President Obama on Monday proposed actions to tighten gun-control restrictions, including ramping up background checks and the enforcement of existing gun laws.
“Although we have to be very clear that this is not going to solve every violent crime in this country—it’s not going to prevent every mass shooting, it’s not going to keep every gun out of the hands of a criminal—it will potentially save lives and spare families the pain and the extraordinary loss that they’ve suffered as a consequence of a firearm getting in the hands of the wrong people,” the president told reporters after meeting with Attorney General Loretta Lynch Monday afternoon.
But his long-anticipated move failed to carry the weight many expected. Rather than completely closing the gun-show loophole—which allows millions of guns to be sold sans background checks online or at conventions—the administration will clarify the existing law that anyone in the business of selling guns must get a license and conduct background checks. Lynch described the measure as a “clarification” of what’s already on the books.

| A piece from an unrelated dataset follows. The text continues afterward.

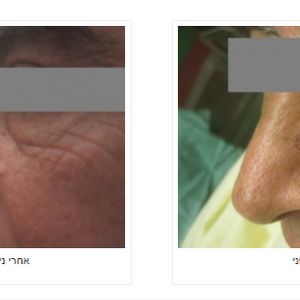 כירורגיה פלסטית | ד"ר אהוד מילר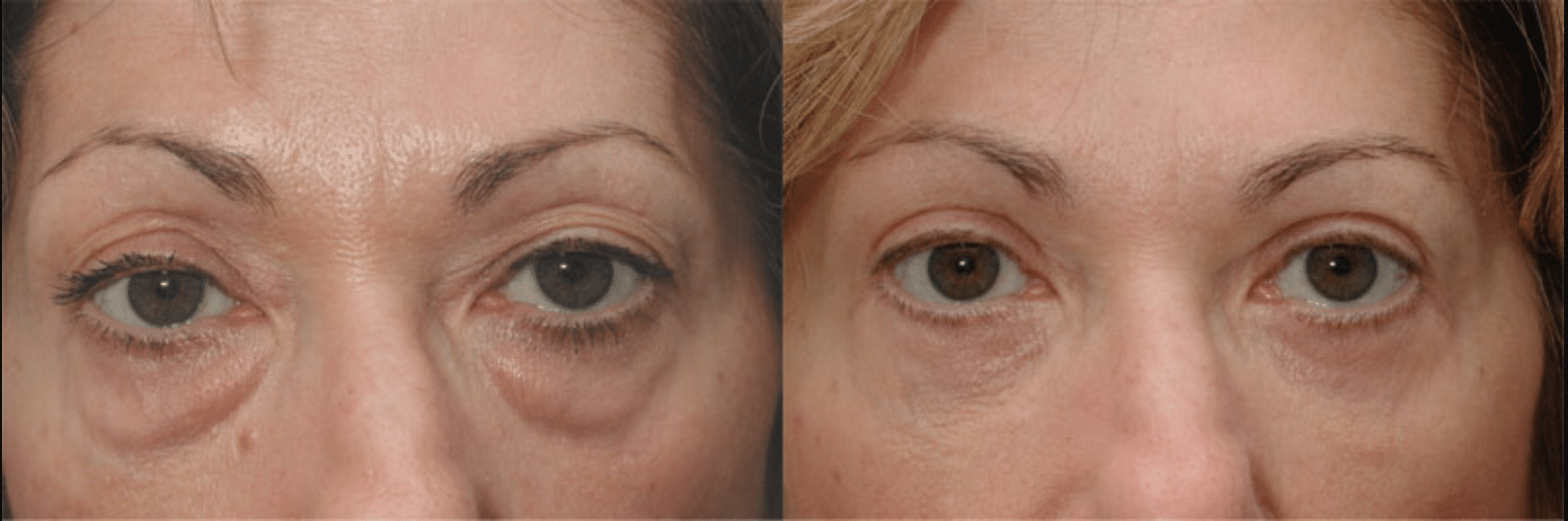 before and after eyelid surgery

“This guidance gathers existing case law and existing cases that have been litigated in the past so that in one place, there is clear definitive standards set forth for anyone who seeks to sell a firearm, so they can know, surely and certainly, if they are required to register or not,” Lynch said. “It’s our hope that this will improve compliance, but it’s also our hope that this will provide clear notice to those individuals who seek to hide behind the exceptions of collectors or personal sellers, when they are in fact actually selling guns for profit.”